== Record set ==

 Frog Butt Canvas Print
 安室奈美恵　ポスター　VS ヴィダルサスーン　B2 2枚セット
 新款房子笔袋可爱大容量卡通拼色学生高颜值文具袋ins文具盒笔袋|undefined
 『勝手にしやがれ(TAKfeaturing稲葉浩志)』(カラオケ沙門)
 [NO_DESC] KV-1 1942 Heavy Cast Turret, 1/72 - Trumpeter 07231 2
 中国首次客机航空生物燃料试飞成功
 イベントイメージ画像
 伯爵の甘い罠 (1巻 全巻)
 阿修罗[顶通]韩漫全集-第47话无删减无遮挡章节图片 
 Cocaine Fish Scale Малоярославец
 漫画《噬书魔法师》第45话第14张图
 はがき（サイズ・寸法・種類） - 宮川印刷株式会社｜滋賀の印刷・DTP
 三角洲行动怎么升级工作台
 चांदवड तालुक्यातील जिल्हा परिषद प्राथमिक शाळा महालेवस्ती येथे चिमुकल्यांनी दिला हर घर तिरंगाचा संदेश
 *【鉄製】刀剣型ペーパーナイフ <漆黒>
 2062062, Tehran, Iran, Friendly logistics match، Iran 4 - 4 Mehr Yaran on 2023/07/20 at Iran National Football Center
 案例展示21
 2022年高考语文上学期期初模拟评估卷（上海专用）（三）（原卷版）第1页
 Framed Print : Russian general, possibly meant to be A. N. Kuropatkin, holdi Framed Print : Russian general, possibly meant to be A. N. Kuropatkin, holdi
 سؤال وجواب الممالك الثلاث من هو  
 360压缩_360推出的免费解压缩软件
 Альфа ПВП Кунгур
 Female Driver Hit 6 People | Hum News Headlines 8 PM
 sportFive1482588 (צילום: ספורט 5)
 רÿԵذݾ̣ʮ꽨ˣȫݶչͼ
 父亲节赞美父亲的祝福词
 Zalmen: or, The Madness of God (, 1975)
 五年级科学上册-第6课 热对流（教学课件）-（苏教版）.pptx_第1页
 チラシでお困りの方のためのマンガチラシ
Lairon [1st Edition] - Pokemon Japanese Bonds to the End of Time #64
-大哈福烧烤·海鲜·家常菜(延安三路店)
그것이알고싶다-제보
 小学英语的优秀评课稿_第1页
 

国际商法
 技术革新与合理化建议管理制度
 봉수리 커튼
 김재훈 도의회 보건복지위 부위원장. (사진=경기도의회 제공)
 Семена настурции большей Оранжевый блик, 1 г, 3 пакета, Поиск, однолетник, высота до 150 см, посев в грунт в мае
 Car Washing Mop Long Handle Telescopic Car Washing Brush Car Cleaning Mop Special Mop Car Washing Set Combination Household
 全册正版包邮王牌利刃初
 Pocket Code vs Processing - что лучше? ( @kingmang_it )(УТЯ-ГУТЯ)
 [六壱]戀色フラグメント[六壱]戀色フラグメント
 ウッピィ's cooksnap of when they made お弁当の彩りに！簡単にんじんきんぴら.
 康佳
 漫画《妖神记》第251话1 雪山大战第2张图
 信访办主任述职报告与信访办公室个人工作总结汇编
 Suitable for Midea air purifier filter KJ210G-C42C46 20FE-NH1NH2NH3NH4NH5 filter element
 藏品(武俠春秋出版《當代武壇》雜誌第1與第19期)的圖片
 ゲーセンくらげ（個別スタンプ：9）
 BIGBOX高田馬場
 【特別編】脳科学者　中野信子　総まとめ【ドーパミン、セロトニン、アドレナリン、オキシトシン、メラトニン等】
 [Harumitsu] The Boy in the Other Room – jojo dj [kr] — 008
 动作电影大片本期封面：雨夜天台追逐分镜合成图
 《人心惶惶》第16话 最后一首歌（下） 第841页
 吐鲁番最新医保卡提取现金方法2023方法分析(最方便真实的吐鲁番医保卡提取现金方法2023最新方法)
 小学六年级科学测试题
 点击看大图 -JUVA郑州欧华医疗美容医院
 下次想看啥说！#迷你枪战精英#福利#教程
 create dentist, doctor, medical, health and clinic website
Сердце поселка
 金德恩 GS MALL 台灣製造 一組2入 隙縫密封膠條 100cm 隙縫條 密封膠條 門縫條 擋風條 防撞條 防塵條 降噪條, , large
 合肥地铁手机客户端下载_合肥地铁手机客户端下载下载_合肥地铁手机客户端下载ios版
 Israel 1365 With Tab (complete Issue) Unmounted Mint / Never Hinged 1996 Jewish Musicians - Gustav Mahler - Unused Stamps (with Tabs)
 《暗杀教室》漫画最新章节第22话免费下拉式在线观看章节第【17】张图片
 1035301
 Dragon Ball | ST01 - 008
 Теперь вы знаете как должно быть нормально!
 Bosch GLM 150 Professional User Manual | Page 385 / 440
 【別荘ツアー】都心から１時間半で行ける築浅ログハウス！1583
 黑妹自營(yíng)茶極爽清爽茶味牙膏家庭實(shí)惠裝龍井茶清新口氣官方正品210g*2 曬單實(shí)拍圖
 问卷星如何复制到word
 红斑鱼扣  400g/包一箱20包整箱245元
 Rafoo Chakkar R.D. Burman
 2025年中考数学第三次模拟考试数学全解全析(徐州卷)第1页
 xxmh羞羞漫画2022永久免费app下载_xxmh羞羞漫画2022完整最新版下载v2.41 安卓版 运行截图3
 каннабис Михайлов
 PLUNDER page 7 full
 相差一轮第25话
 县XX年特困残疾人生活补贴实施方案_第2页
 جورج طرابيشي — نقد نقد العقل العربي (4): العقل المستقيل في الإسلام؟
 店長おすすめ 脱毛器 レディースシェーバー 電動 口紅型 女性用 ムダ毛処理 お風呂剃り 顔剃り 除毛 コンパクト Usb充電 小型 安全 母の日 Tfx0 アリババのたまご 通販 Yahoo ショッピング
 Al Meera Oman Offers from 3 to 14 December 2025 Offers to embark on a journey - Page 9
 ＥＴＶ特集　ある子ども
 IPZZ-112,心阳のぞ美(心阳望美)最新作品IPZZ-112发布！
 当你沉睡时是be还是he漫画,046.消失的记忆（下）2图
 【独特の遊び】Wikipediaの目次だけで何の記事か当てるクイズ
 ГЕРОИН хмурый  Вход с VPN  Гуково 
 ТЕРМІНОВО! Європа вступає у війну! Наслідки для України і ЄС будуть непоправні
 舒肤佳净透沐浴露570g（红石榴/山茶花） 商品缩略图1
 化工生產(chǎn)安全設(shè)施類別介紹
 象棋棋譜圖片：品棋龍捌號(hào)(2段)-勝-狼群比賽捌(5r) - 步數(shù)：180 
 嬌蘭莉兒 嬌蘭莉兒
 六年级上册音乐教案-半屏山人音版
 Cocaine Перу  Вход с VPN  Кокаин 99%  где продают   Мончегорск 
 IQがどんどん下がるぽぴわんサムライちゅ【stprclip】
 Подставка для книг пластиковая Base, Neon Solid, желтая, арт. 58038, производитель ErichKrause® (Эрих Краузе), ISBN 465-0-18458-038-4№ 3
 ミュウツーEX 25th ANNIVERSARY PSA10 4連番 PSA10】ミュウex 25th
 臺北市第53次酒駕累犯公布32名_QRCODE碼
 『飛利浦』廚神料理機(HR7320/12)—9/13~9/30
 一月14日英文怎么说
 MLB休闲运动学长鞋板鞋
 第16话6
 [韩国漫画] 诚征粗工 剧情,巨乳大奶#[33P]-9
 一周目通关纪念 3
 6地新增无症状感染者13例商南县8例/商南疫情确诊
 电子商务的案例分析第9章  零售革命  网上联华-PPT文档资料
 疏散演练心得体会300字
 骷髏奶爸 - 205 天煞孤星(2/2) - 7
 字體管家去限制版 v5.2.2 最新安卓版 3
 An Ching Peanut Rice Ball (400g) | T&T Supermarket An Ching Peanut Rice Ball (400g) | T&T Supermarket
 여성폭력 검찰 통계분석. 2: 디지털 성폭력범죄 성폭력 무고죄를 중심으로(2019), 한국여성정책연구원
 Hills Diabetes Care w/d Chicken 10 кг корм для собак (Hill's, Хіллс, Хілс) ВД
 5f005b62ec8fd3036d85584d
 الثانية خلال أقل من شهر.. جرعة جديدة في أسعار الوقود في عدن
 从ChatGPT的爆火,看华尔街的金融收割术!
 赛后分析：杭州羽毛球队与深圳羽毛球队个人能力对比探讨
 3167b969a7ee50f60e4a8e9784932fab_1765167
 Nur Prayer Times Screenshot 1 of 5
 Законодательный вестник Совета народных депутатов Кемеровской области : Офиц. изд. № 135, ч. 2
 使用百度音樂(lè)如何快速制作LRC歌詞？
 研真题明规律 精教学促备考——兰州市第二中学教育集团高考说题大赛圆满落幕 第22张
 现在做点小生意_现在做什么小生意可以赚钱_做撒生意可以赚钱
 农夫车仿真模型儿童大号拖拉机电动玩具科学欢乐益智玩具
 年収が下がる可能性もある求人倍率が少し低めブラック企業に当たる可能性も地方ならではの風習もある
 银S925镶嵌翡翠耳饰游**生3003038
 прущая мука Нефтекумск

===

- **Work order**:
Starting with the line with "Kuropatkin, holdi Framed" above and going on through the line with "Female Driver Hit", transcribe every line exactly, both ends included, and add nothing.

- **Your solution**:
 Framed Print : Russian general, possibly meant to be A. N. Kuropatkin, holdi Framed Print : Russian general, possibly meant to be A. N. Kuropatkin, holdi
 سؤال وجواب الممالك الثلاث من هو  
 360压缩_360推出的免费解压缩软件
 Альфа ПВП Кунгур
 Female Driver Hit 6 People | Hum News Headlines 8 PM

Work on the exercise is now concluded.